Nie ma domu, opiekunów ani dostępu do lodówki. Alojzy, właściciel wyszukanego imienia i jednej walizki, idzie przez życie wolny jak ptak – choć może w przypadku kota nie jest to najszczęśliwsze porównanie.

W walizce doświadczony obieżyświat nosi tylko rzeczy niezbędne: paczkę suszonych myszy, poczucie humoru, całe mnóstwo energii oraz ciekawość, która pcha go wciąż przed siebie, nie pozwalając nigdzie zagrzać miejsca. Bo jak tu osiąść gdzieś na stałe, kiedy w atlasie tyle miejscowości o kuszących nazwach, że aż swędzą łapy, wyrywające się do kolejnej wędrówki? Są tacy, którzy cenią niezmienność, trwanie w jednym miejscu oraz tacy, których zawsze gna coś do przodu. Nie dla nich ciepłe posiłki i domowe kapcie. Alojzy należy do tej drugiej grupy.

Życie podróżnika jest bogate w obserwacje i każdego dnia dostarcza nowych, intensywnych wrażeń. Nie ma dwóch takich samych miejsc i Alojzego pociąga ten uzależniający urok nowości. Za każdym rogiem kryje się niespodzianka, a każdy napotkany kot niesie pod pachą tajemnicę. Nasz bohater jest „odkrywcą i zbieraczem tych wszystkich niespodzianek i tajemnic”.

I tak mógłby sobie Alojzy wędrować i wędrować do końca swojego pasjonującego życia, gdyby nie zjawisko, które psychologowie nazywają teorią porównań społecznych.

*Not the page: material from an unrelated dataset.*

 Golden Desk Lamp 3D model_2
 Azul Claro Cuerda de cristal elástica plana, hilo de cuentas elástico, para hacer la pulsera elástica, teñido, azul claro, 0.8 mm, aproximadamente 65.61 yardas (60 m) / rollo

Inne koty mają dom. Nie jest ważne, że Alojzy posiada wolność i żyje, jak chce. Patrzą na niego z dezaprobatą. Wszyscy muszą mieć dom, taki z nazwą ulicy i numerem.

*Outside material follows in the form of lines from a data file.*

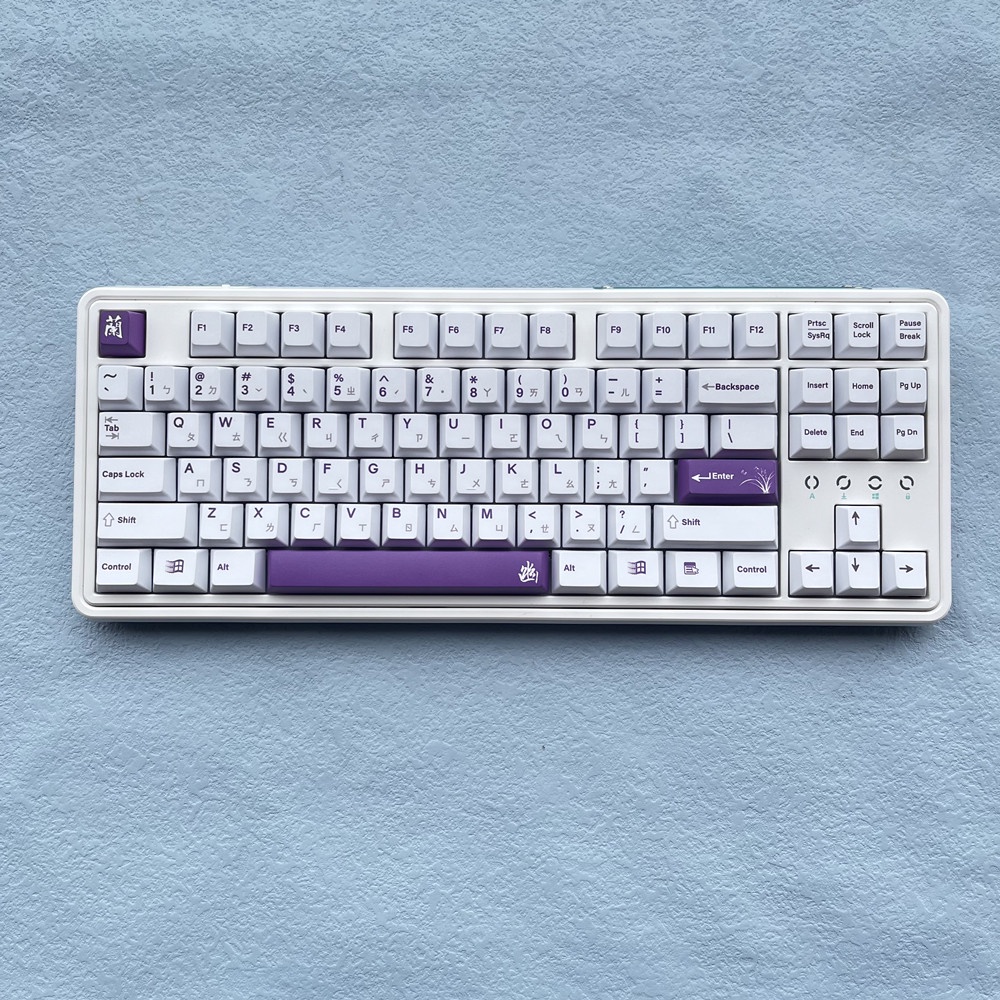 128 Phím PBT Keycaps Cherry Profile Anh đào Hoa mai Hoa lan Hoa cúc Cây thuốc nhuộm tre Phụ Bàn phím cơ học Keycap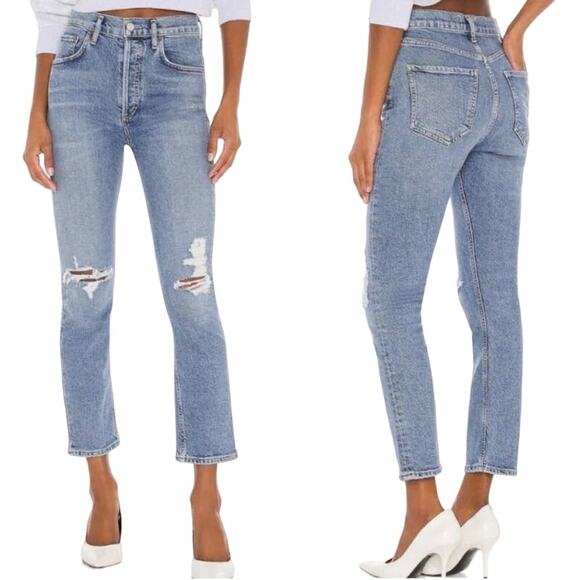 NWOT AGOLDE Jean 27 Riley High Rise Straight Crop in Whiplash - Picture 1 of 11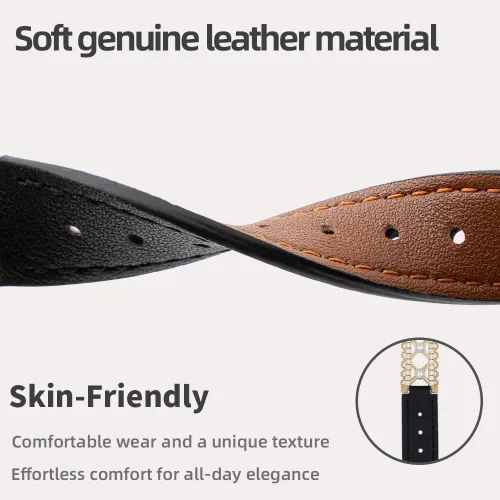 Miniatura 4 de Correa de cuero genuino y joyería para Apple Watch para mujer, elegante pulsera de perlas con circonitas laterales brillantes, correa de iWatch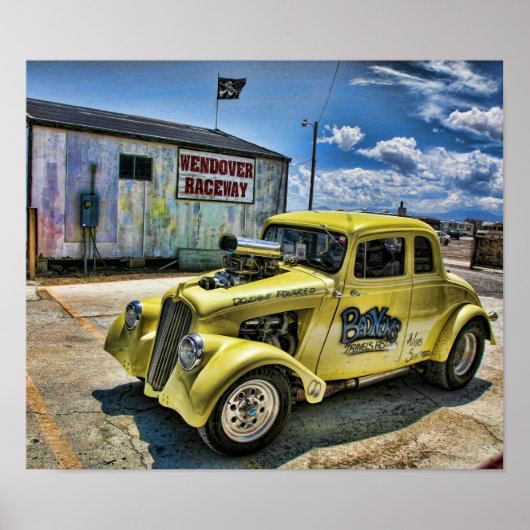 Poster Old School Willys Race Coupe (Devant)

„- Ojej – zmartwił się Alojzy. – Takiego to ja nie mam…

– Jak to „nie masz”? Każdy ma – pouczył stanowczo Ktoś.”

Doskonale znamy takich Ktosiów, którzy lepiej od nas wiedzą, jak powinniśmy żyć i co jest dla nas dobre. Oczekują, że będziemy zachowywać się jak wszyscy, mieć to, co wszyscy, mówić i myśleć jak inni. Bo skoro „każdy, każdy każdy…”, to my też „musimy, musimy, musimy…”.

Imię Alojzy nie wydaje się tutaj przypadkowe. Oznacza ono kogoś, kto bardzo dużo wie, mędrca. Wiadomo wszak, że podróże kształcą. Można liczyć na to, że po krótkiej chwili zwątpienia nasz bohater znajdzie właściwe rozwiązanie.

Książka „Alojzy@kot_w_podróży.com” Roksany Jędrzejewskiej-Wróbel wyróżnia się ilustracjami, za które odpowiadają Agnieszka Żelewska, Anita Andrzejewska i Andrzej Pilichowski-Ragno. Wszystkie postacie są ręcznie uszyte z kolorowych materiałów i sfotografowane na tle różnych miejsc. Po prostu pięknie.